**Data:**
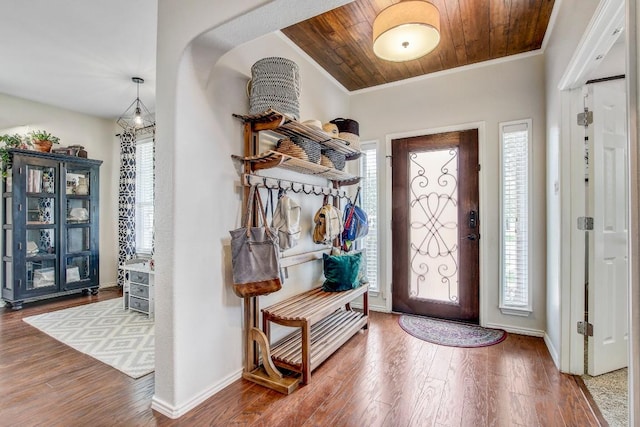 14028 Turkey Hollow Trl, Austin, TX 78717 - foyer entrance with ornamental molding, wood finished floors, baseboards, and wood ceiling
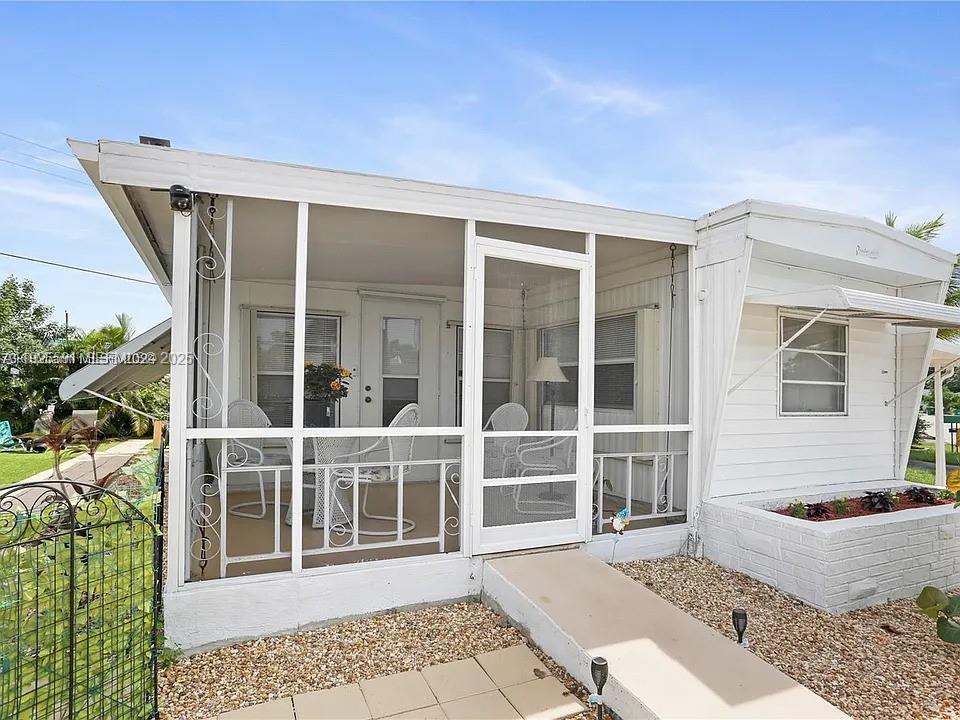Charming and fully furnished 3-bedroom, 2-bathroom manufactured home located in the 55+ Park City community in Davie. Brand new washer and dryer inside the unit. The yard has artificial turf for minimal maintenance, and there is a screened front porch with a pleasant view. A covered carport fits 2 vehicles. The property is located directly across from the clubhouse, which offers a pool and a putting green, including a mini golf course with artificial turf. It is conveniently close to highways, shopping, the airport, and the hospital.
You OWN the land — NO land lease. Low-maintenance - $77 monthly, move-in ready!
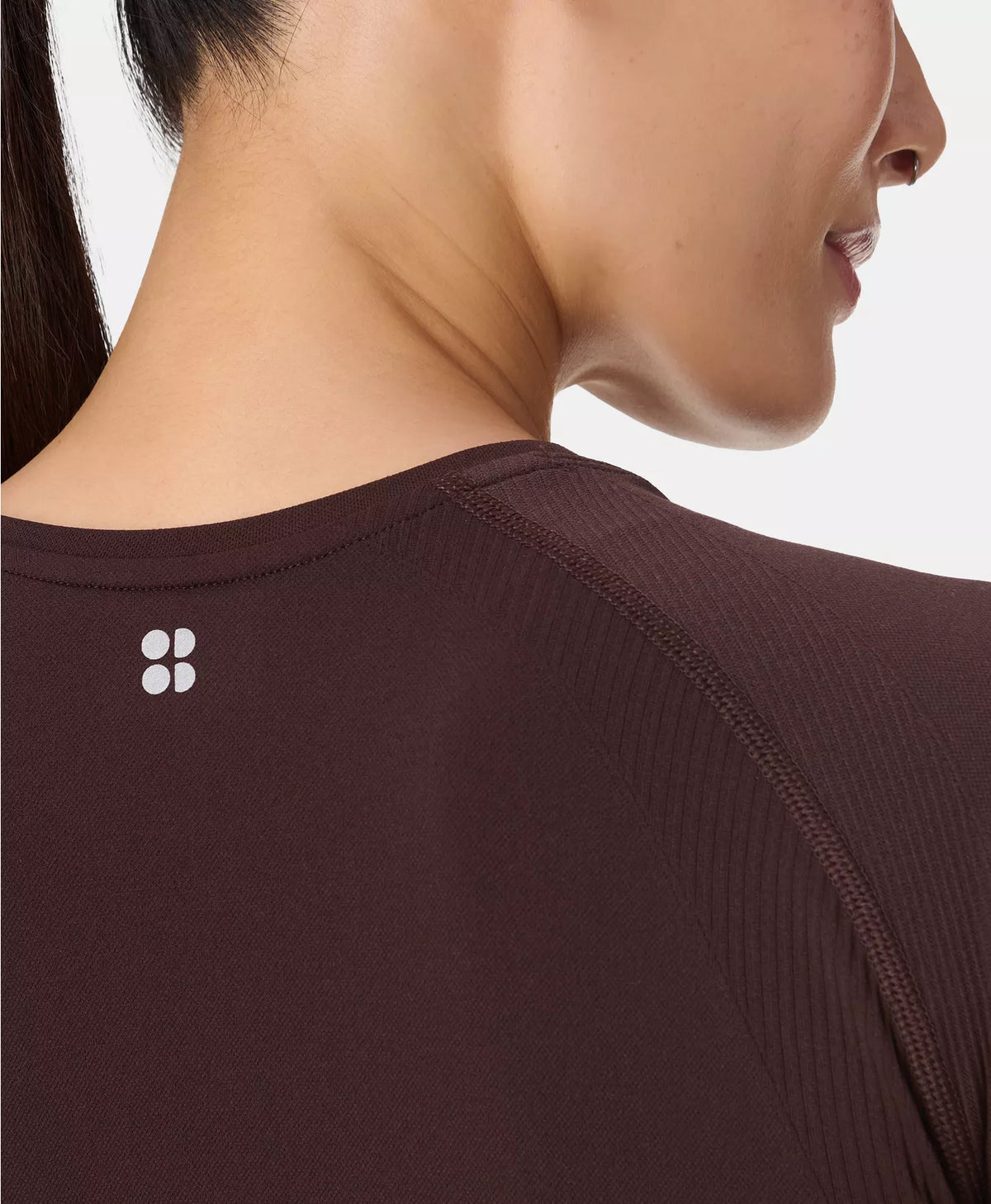 Close-up of a person wearing a dark brown shirt with a logo on the chest.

**What needs to be done:**
The response has to be an exact copy of all the data, pictures excluded.

**Answer to the problem:**
 14028 Turkey Hollow Trl, Austin, TX 78717 - foyer entrance with ornamental molding, wood finished floors, baseboards, and wood ceiling
Charming and fully furnished 3-bedroom, 2-bathroom manufactured home located in the 55+ Park City community in Davie. Brand new washer and dryer inside the unit. The yard has artificial turf for minimal maintenance, and there is a screened front porch with a pleasant view. A covered carport fits 2 vehicles. The property is located directly across from the clubhouse, which offers a pool and a putting green, including a mini golf course with artificial turf. It is conveniently close to highways, shopping, the airport, and the hospital.
You OWN the land — NO land lease. Low-maintenance - $77 monthly, move-in ready!
 Close-up of a person wearing a dark brown shirt with a logo on the chest.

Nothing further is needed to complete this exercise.